Estimate how many FPS your PC will run in the most popular games based on your graphics card, processor, resolution and graphics quality. Pick your hardware and we give you a per-game guide to know if it'll run smoothly before buying or tweaking settings.
Rough estimate from a relative-performance model (GPU/CPU index + game weight). Real FPS vary with drivers, scene, RAM and your exact settings — treat it as guidance, not an exact number.
We don't benchmark your machine: we use a relative-performance model. Each GPU gets an index against a reference card, each CPU a ceiling of FPS it can feed, and each game a “weight” based on how demanding it is at 1080p on high settings. With that, plus resolution and preset multipliers, we compute a ballpark number. It's approximate on purpose: real FPS depend on drivers, RAM, the exact scene and your settings.

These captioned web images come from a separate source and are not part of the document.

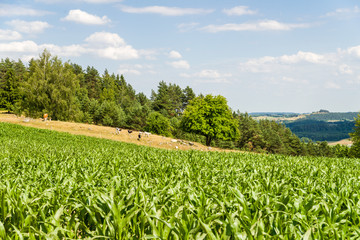 Fototapeta na wymiar Pole kukurydzy z pastwiskiem i górą Cisową w tle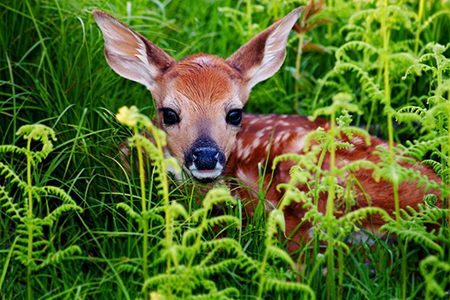 Newborn Whitetail Fawn Resting in Green Fern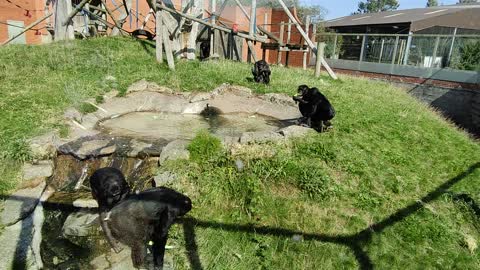 Monkey 🐒 Eating in zoo and monkey dancing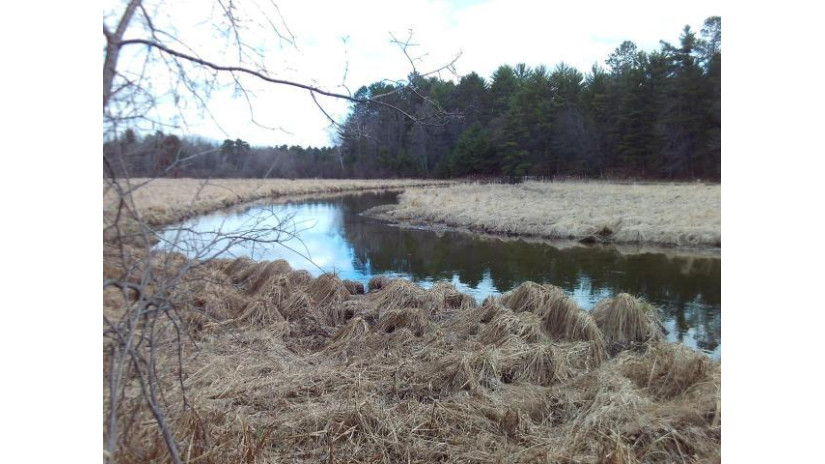 On Koolish Rd Minocqua, WI 54548 by Coldwell Banker Mulleady - Mnq $44,500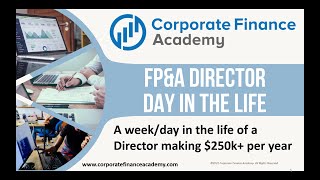 FPampA Director  A Day in the Life of a Finance Director [upl. by Garris650]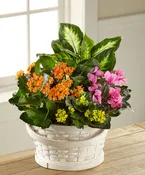 Charles River Planter Bliss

For competitive shooters (Valorant, CS2, Apex) more is better: a stable 144+ FPS makes the most of a 144 Hz monitor and sharpens duels. For campaign or single-player games, a stable 60 FPS already feels smooth and many prioritize graphics quality instead. Below 30 FPS feels choppy. Rule of thumb: match (or beat) your FPS to your monitor's refresh rate.
Before spending: lower shadow and effects quality (the biggest hogs), turn on upscaling (DLSS/FSR/XeSS) if your GPU supports it, close background apps, update drivers and enable low-latency mode. Our guides have the step-by-step to optimize Windows, the NVIDIA/AMD panel and per-game settings.
Are these FPS accurate?
No, they're a ballpark estimate. They're based on a relative-performance model, not a benchmark of your exact machine. Use them to get an idea (will it run smoothly?), not as an FPS-exact promise.
Why do CPU and resolution matter?
At low resolutions (1080p) and in esports titles the CPU often rules: it caps FPS even if the GPU could do more. At 1440p and 4K the GPU rules. That's why the calculator combines both and adjusts by resolution.
Does it include DLSS or FSR?
The estimate is at native resolution, no upscaling. Turning on DLSS/FSR/XeSS can raise FPS a lot (especially at 1440p and 4K), so in practice you might see more than shown here.
I can't find my exact GPU or CPU.
We include the most popular cards and processors. If yours isn't listed, pick the closest one in power for a nearby reference.